Although many CPAs hold the CFP credential, they are also embracing the American Institute of Certified Public Accountants-sponsored personal financial specialist mark in greater numbers. The PFS certificate, introduced in 1986, is now held by 4,500 CPAs, and the number is growing by 5% a year.

The PFS requires 80 hours of education, 3,000 hours of business experience in all areas of personal financial planning and completion of an exam.

“Over the past three years, there has been a concerted effort to get the word out about the PFS,” said Lyle K. Benson Jr., president of LK Benson & Co. “And the AICPA has ramped up their PFS training, education and resources during the past few years in response to demand.”

Mr. Benson serves on the AICPA's Personal Financial Planning Executive Committee.

Continued demand from CPAs also has helped Mr. Graziano build a regional niche serving 115 firms, primarily from the New York-New Jersey-Pennsylvania region.

“We work directly with owners, with personalized face-to-face training. Our clients can reach us 24/7,” Mr. Graziano said.

Doug Verduin, a CPA with Berry Verduin & Koch LLC, is one of his clients. His firm specializes in closely held businesses.

“We were always referring out people for investment work, but it did not always turn out to be what was best for the client,” Mr. Verduin said. “We'd be seeing [outside firms] make big commissions doing inappropriate things.”

Mr. Verduin and his firm have been trying for the past 15 years to find the right model for delivering investment/financial planning services to their clients.

“We tried to do it ourselves at first, but it got overwhelming. Then we hired a financial planner, but the model — salary plus commission — didn't fit well,” Mr. Verduin said.

In 2004, the firm retained Future Financial Planners.

“The [FFP adviser] comes in one or two days a week to do client interviews — he understands our approach,” Mr. Verduin said. “We split the commissions; it's more of a partnership, and we review what the adviser does.”

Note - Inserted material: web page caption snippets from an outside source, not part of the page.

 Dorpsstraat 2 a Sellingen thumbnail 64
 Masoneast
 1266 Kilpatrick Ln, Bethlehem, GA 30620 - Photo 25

H.D. Vest Financial Services also helps CPAs build planning practices on a wider scale. The independent broker-dealer is a subsidiary of Wells Fargo & Co. with 5,200 advisers who manage more than $26 billion in assets.

H.D. Vest, which focuses strongly on practice management, has been adding about 200 advisers a year, according to its president, Roger Ochs. “We provide training to create "repeatable client experiences,'” he said.

“CPAs have a process for tax preparation, and it's a very similar process on the investment side. You sit down with clients after April 15 and address the issues from the tax return,” Mr. Ochs said.

There are 80,000 to 100,000 CPAs involved in planning, Mr. Benson said. He sees public demand for CPA planners growing, due to tax rate uncertainty and fiduciary concerns.

“The overlooked mass-affluent market [doesn't] necessarily have financial advisers, but they almost certainly have CPAs,” Mr. Ochs said. “With 77 million baby boomers retiring, I see a great opportunity.”

There may be negatives to consider, however.

“Especially after the Madoff situation, it's important to develop some strategic partnerships with a firewall. All things being equal, perhaps it's better to have an independent voice on different issues,” said Lee Baker, a CFP with Apex Financial Services Inc., who serves on the Financial Planning Association's board.

“Another potential downside I see is letting the tax tail wag the dog. Maybe strategies to cover one's taxes are not necessarily the best [investment] strategies in the long run,” Mr. Baker said.

It remains to be seen whether there will be substantial growth in CPA planners over the long run.

“This hasn't been an enormous movement, because we are very, very busy,” said Joseph Martorelli, a CPA with Orange & Martorelli LLP. “There's still tremendous demand [for our services], so we're not being pushed into new lines of business.”